_EXERCISE DESCRIPTION_: A verbatim copy is needed of the lines below from the one containing "That wraps up" up to and including the one containing "We've been told", excluding pictures.
★ ★ ★ ★
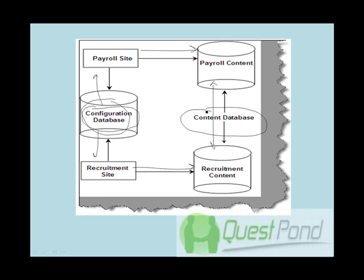We will see in the further coming sessions what basically these two databases store. But at this moment just remember that SharePoint uses SQL Server to store generalized information in the configuration database and specific content data in the content database. So whenever you create a site, there is always a content database created.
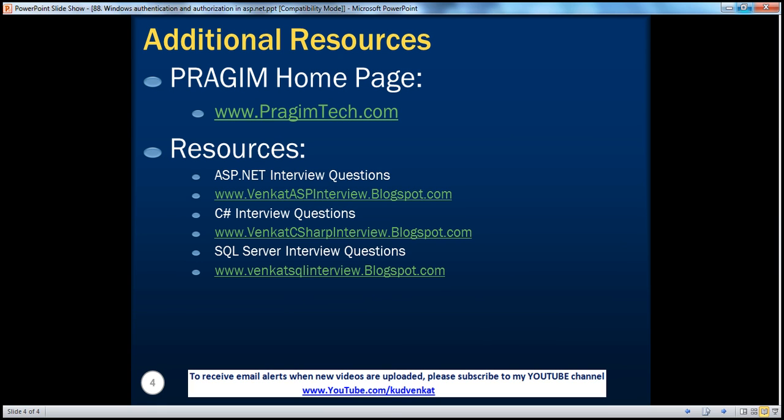On this slide, you can find resources for ASP.NET, C#, and SQL Server interview questions. That's it for today. Thank you for listening. Have a great day.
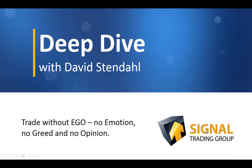Deep Dive with David Stendhal, where we trade without ego, no emotion, no greed, and no opinion.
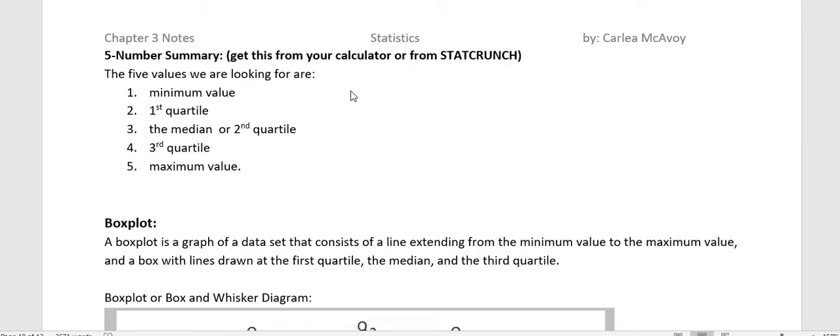The five values that we're looking for are the minimum value, the first quartile, the median or second quartile, third quartile, and the maximum value. And those five measures of location are able to tell us a lot.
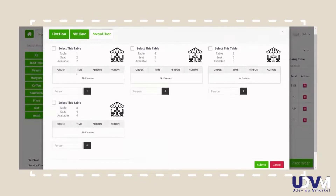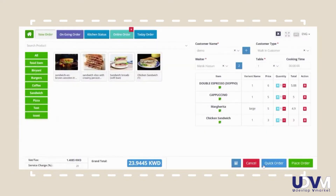We are going to book the table for a couple. So we will select the first table in this selection and choose the number of people, that is 2, and then hit submit. Once we have chosen the table, we can place our order.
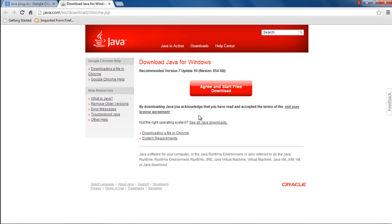With the browser opened up, move over to the address bar on top and type in java.com/en/download/chrome.jsp. This will directly open up the Download Java for Windows page.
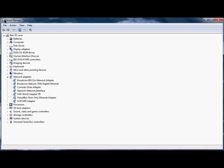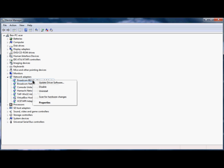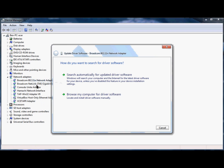In the device manager, which you can get to by opening Start and typing 'device manager' and running Device Manager, under Network Adapters, find Broadcom 802.11n Network Adapter. Click on it, right-click, and select Update Driver Software.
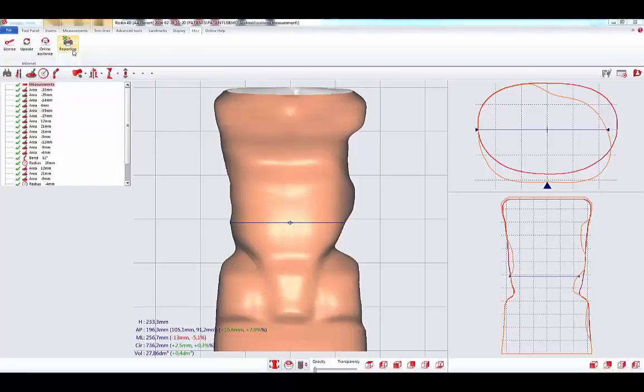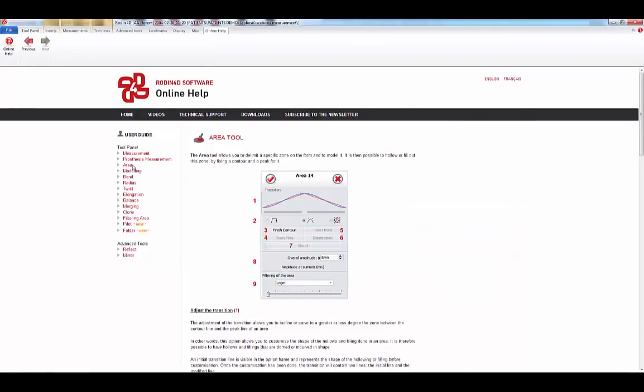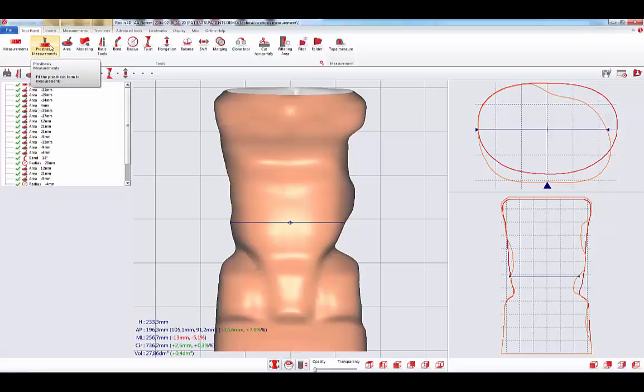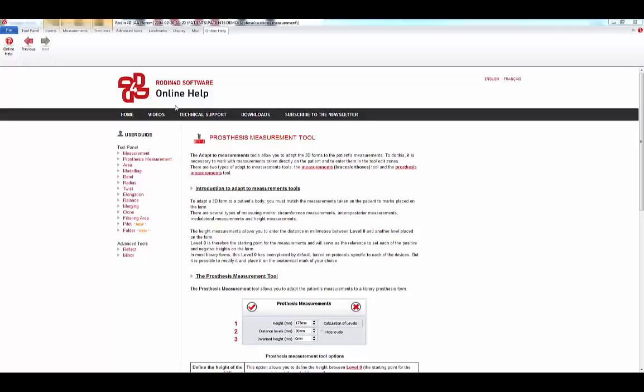Another new functionality of Rodin 4D Neo is the Online Help. There you will find explanations with videos and text about every tool. You can also access this help by tapping F1 from anywhere in the interface. It redirects you to the right page on the Help Online.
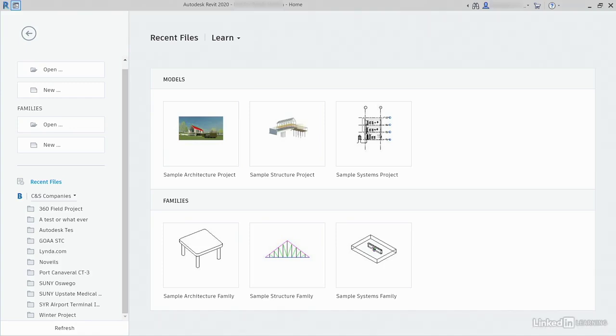Tell me if this has ever happened to you. You had to sit there and go through the tedious monotony of picking dozens of elements just to hide them, override the graphics, or something else.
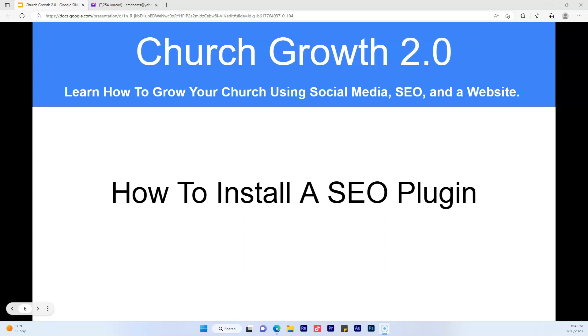All right, family, what I want to show you how to do now, just in case you don't have an SEO plugin installed, I'm going to show you how to install one for free. Keep it locked.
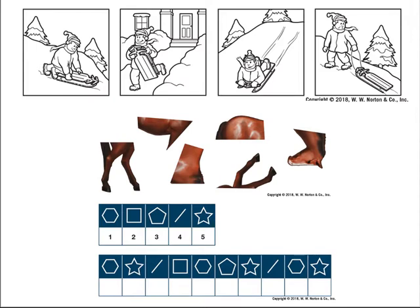Here are some examples similar to items used in the WAIS-3. In picture arrangement, pictures tell a story and you put them in the right order. Another section is object assembly, where pieces are put together correctly to make something, as fast as you can. The third example is digit symbol substitution, where you use a provided code to fill in missing information in the test picture.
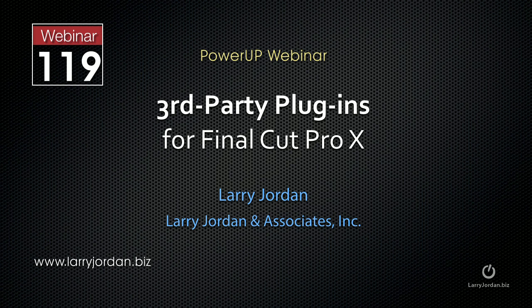The following is an excerpt of a recent Power Up webinar taking a look at third party plugins for Final Cut Pro 10.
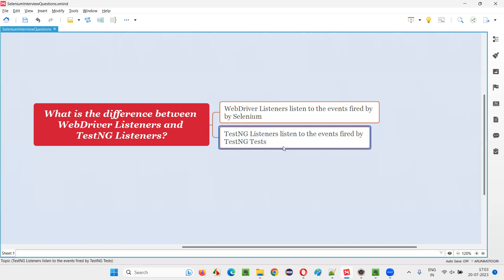So, fail the test in the report, take a screenshot, embed that report, embed the screenshot into the report, all these kind of things we can write into that TestNG listener method, which will be activated when a particular TestNG test fails and that kind of event is fired.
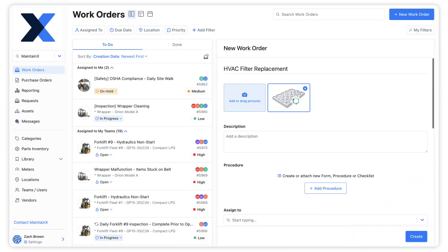When creating and updating work orders, you can specify for maintenance to be performed on a specific asset. Let's learn how to specify an asset and link a location within a work order.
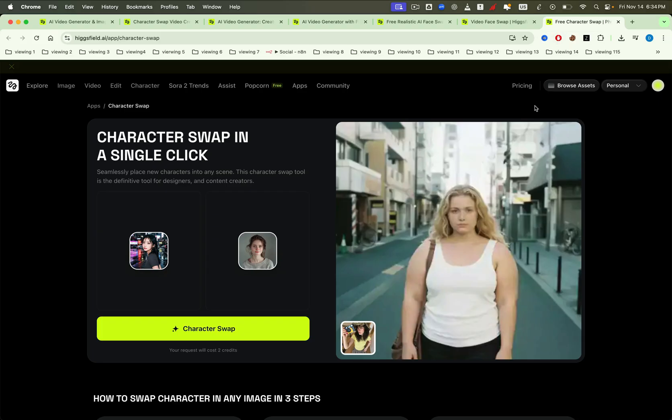That wraps up my complete guide to the Higgsfield recast tool. If you have any questions, leave a comment below and my team will get back to you as soon as possible. Don't forget to subscribe to my channel for the latest videos on AI applications in work and business.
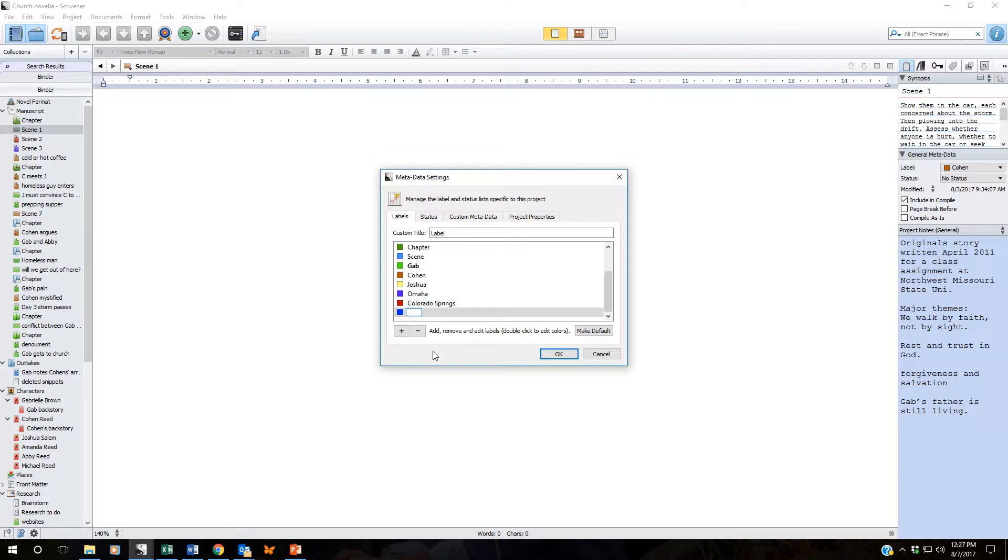Say you're writing a story that takes place in five different places and you need to track those scenes and where those scenes are happening. So let's say Fort Lauderdale. Okay, type it in, simply click return and you have it.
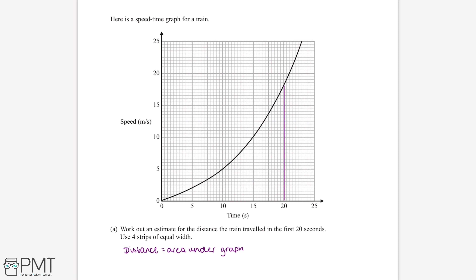We've been told to use four strips of equal width, so we can split this area into four vertical strips. We need to work out what these four areas are equal to and then add them all together. We can see that the first strip is a triangle and then the other strips are trapeziums.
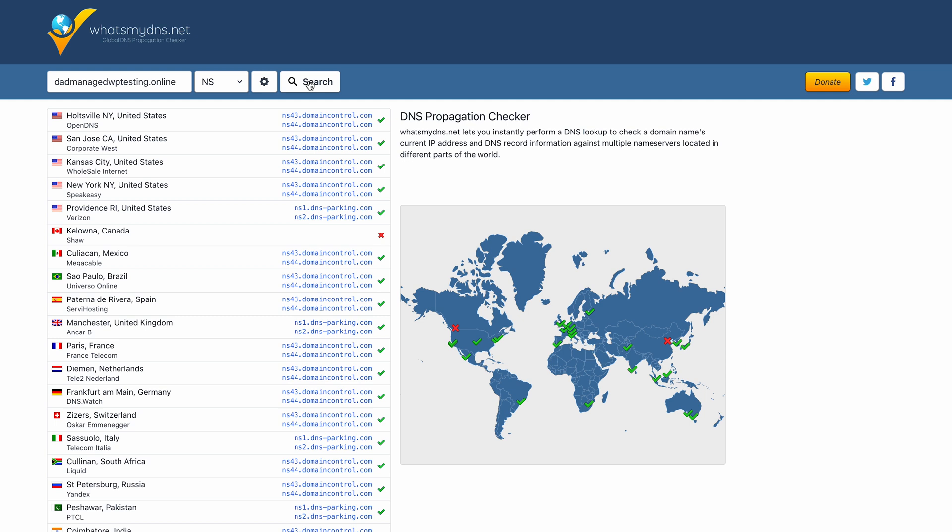As you can see, I'm still seeing my old name servers here since I just changed them. But within the next couple of hours, I should be able to see my new name servers. And within about 24 hours, all name servers should be updated successfully.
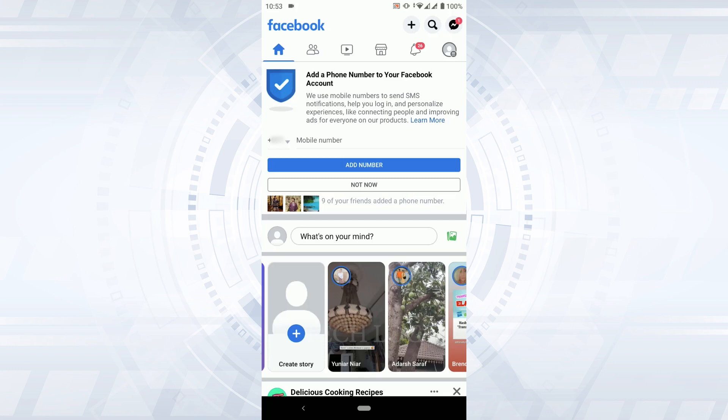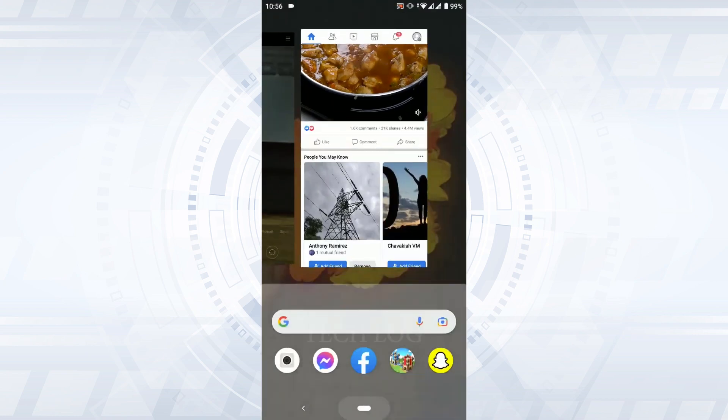Facebook has set the time limit for videos posted to Stories to be 20 seconds, and 26 seconds for Messenger. If the video length exceeds this number, Facebook will require the user to trim the video before posting, causing discomfort to users who want to upload a long video story. To upload a longer video, you need to open Messenger on your Android phone.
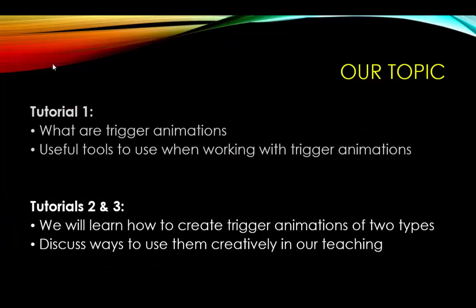This is the second tutorial in a three tutorial series on trigger animations in PowerPoint 2013. In the previous tutorial we learned about trigger animations and some useful tools when working with them. In this tutorial we will learn about trigger animations of the first type.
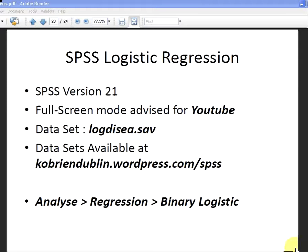In this presentation we're going to look at how to perform logistic regression with SPSS. The version of SPSS we're using is version 21, full screen mode advised for YouTube.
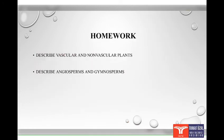Now for homework: describe vascular and non-vascular plants, and also describe the angiosperms and gymnosperms. Goodbye for today.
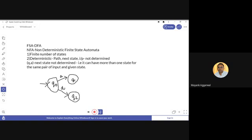Non-deterministic finite automata represents the type of machine in which the machine can follow two paths for the same input. For example, from state q0, on getting input 'a', it can move to q1 or it can move to q2. So this type of automata, where there is more than one path available for the same input on a particular state, is known as a non-deterministic finite state automata.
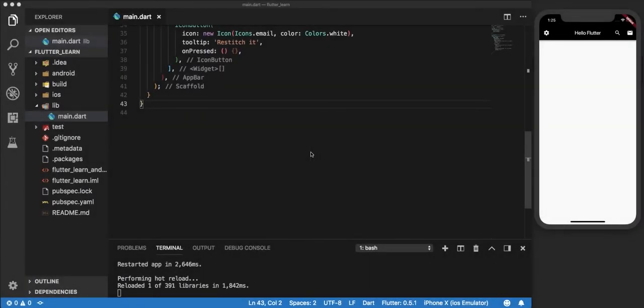Previously, we learned about containers and how they could accept one child, and the widgets used inside that child would be nested. Now that's not the case with all the widgets available in Flutter. We do have certain widgets that allow multiple children to be added within them. So for this video, we shall focus on two of them, namely row and column, and how they can be used to arrange a number of widgets within them.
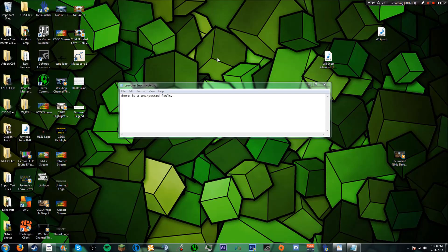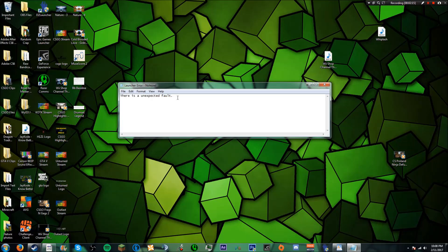A lot of times the launcher just freezes and the game doesn't start up at all. It just gives you a really simple error. At the very bottom of the error report it just says there is an unexpected fault. I was confused because normally there's a bit of a description at the bottom of the error report, but it only said there's an unexpected fault.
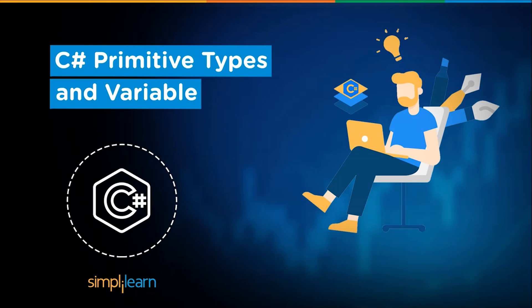Hey everyone, I am Rabakhandarwal and I welcome you all to our Simply Learns YouTube channel. Today we will talk about one of the interesting topics that are C-Sharp primitive types and variables.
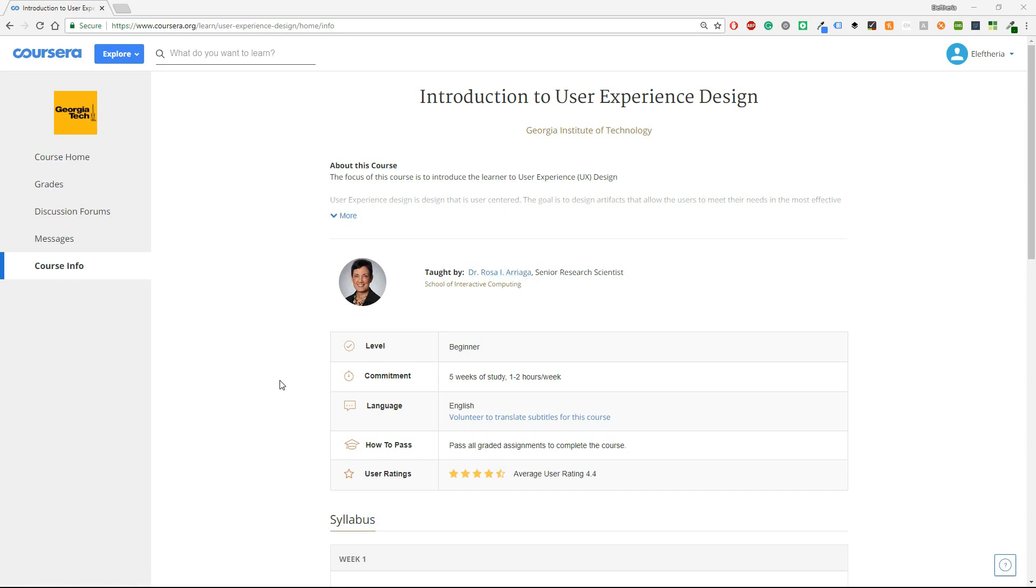The level is beginner and you have to commit five weeks, one or two hours per week. The language is English, the instructor speaks perfectly good English so you won't have any problem with this and also Coursera provides the transcript and some subtitles so again you will have no problem.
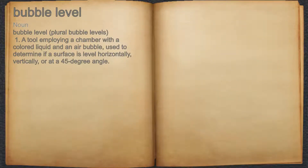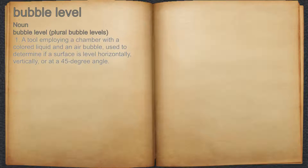Bubble level. Noun. A tool employing a chamber with a colored liquid and an air bubble, used to determine if a surface is level horizontally, vertically, or at a 45 degree angle.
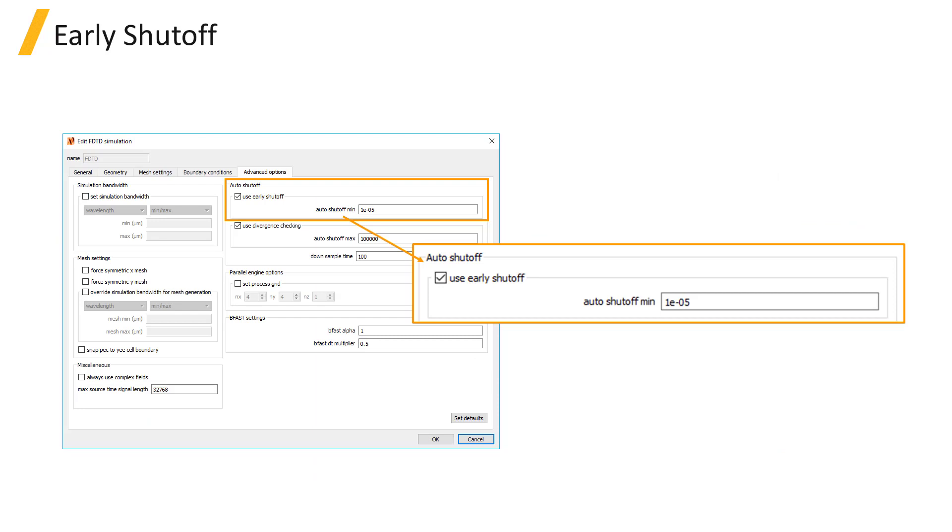The early shutoff feature, which is enabled in the FDTD simulation region object in the Advanced Options tab, is enabled by default. This feature monitors the auto shutoff level, which gives a rough estimate of the energy remaining in the simulation region as a fraction of the power injected into the simulation region.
★ ★ ★ ★
_WRITTEN SOLUTION_:
That wraps up my complete guide to the Higgsfield recast tool. If you have any questions, leave a comment below and my team will get back to you as soon as possible. Don't forget to subscribe to my channel for the latest videos on AI applications in work and business.
Say you're writing a story that takes place in five different places and you need to track those scenes and where those scenes are happening. So let's say Fort Lauderdale. Okay, type it in, simply click return and you have it.
We've been told to use four strips of equal width, so we can split this area into four vertical strips. We need to work out what these four areas are equal to and then add them all together. We can see that the first strip is a triangle and then the other strips are trapeziums.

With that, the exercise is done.